- Founder: Muhammad Alauddin Siddiqui
- Ideology: Nizam e Mustafa
- Religion: Barelvi, Islam
- Regional affiliation: Azad Kashmir;

= Tehreek-e-Nizam-e-Mustafa =

Barelvi organisation in Pakistan

Tehreek-e-Nizam-e-Mustafa (تحریکِ نظامِ مصطفیٰ) was a Barelvi organisation and religious movement based in Azad Kashmir. It was founded by Islamic scholar Muhammad Alauddin Siddiqui from Sadhanoti.

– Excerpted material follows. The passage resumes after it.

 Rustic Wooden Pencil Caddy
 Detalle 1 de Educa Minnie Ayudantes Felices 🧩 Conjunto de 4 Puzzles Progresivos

In late 1980's organization's founder attempt to implement Islam at the Government level by negotiating with politicians. The politicians of Kashmir Muhammad Abdul Qayyum Khan and Sikandar Hayat Khan were also the members of this movement. Many gatherings and meetings were held in Nerian Sharif. The politicians themselves came and the objectives of the movement were explained, then they announced the support.

The aim and the purpose of the movement is to implement Sharia (or "Nizam-e-Mustafa", meaning "the system of the Prophet Muhammad") in Pakistan and Azad Jammu and Kashmir.

In November 2014, the movement held a convention in Muzaffarabad.

The group held a convention in Kotli in December 2016.